Washington, DC: On January 20, 2026, the Executive Board of the International Monetary Fund (IMF) concluded the Article IV Consultation[1] with Nicaragua and considered and endorsed the staff appraisal without a meeting. The authorities have consented to the publication of the Staff Report prepared for this consultation.

The Nicaraguan economy weathered well multiple shocks since 2018, supported by appropriate macroeconomic and financial policies, substantial pre-2018 crisis buffers, and financing from international financial institutions during the pandemic. Real GDP growth was further sustained recently by favorable terms of trade and high remittances growth. The economy is operating under targeted international sanctions, a geopolitical reorientation of official foreign inflows, and transfers of private property to the state since 2022. Strong fundamentals—low inflation, a declining public debt-to-GDP ratio, twin fiscal and external surpluses, well-capitalized banks and sizeable buffers—should help Nicaragua withstand headwinds from ongoing shifts in the global policy landscape.
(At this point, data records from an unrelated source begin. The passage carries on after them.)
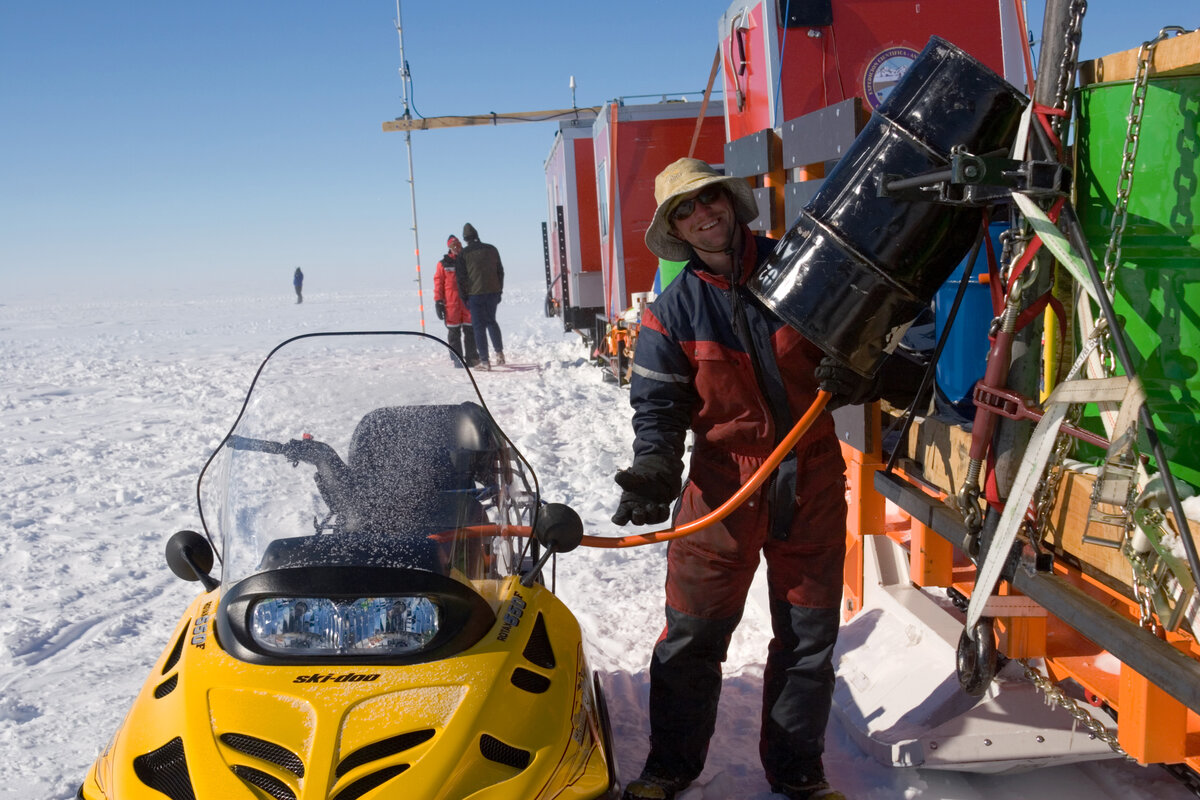 Fuelling a snowmobile on traverse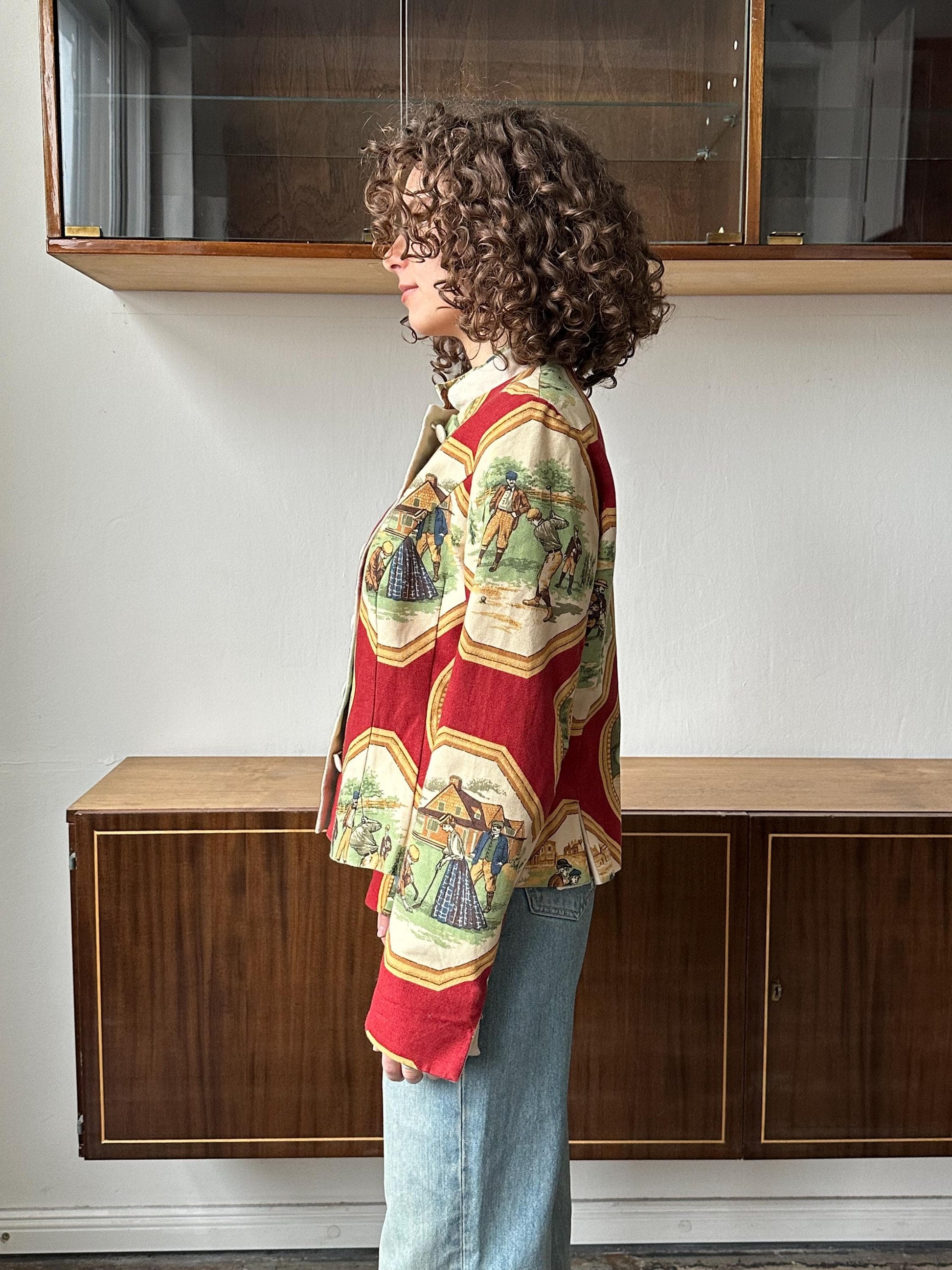 Vintage tapestry blazer in red and white with golf scenes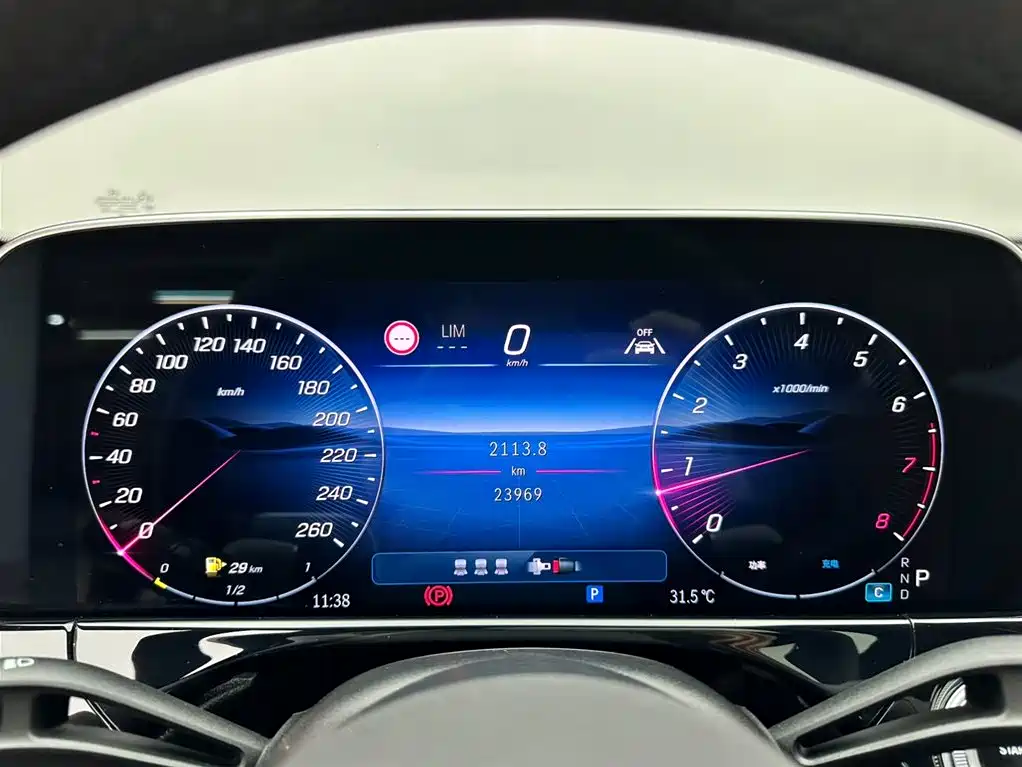 MERCEDES-BENZ E-CLASS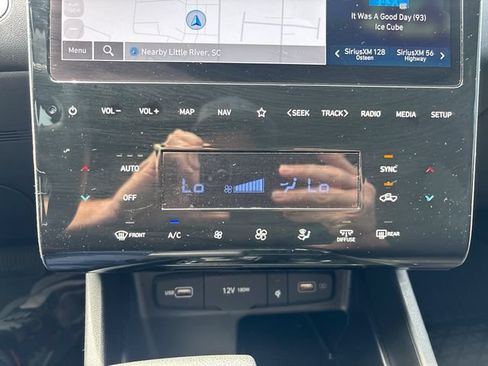 Used 2024 Hyundai Santa Cruz SEL w/ Activity Package FWD image 19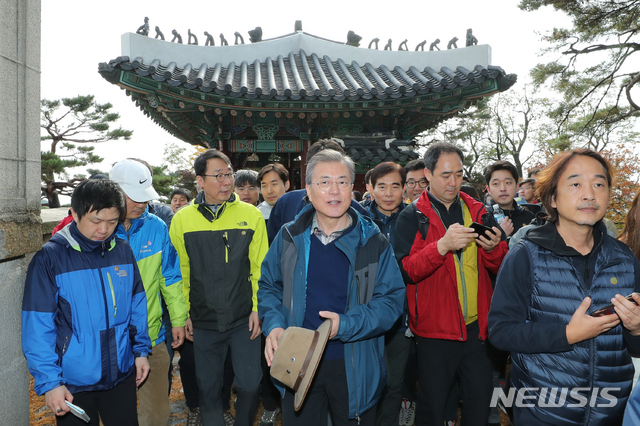 【서울=뉴시스】박진희 기자 = 문재인 대통령이 28일 청와대 춘추관 출입기자단과 함께 북악산 가을산행을 하고 있다. 2018.10.28.pak7130@newsis.com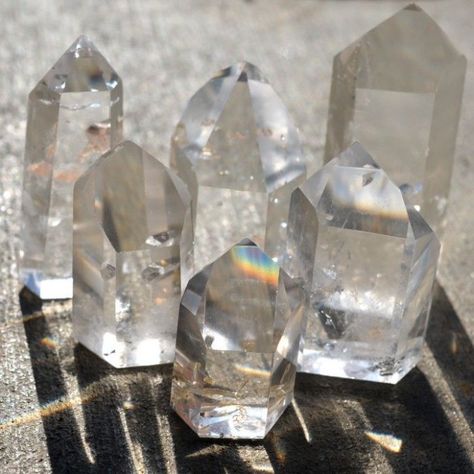 quartz Manifestation Crystals, Crystals Quartz, Crystals For Manifestation, Image Nature, Crystal Magic, Mineral Stone, Crystal Stones, Minerals And Gemstones, Rocks And Gems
The short-term economic outlook remains broadly favorable, with real GDP growth expected to reach 3.8 percent in 2025 and moderate to 3.4 percent in 2026. The medium-term outlook remains subject to high uncertainty, including due to global shifts in trade and immigration policies. Risks are tilted to the downside in the medium term, including from natural disasters, commodity price volatility, weaker global growth, tighter U.S. immigration and trade policies, and stricter and wider international sanctions. Upside short-term risks include more favorable terms of trade and higher public capital spending.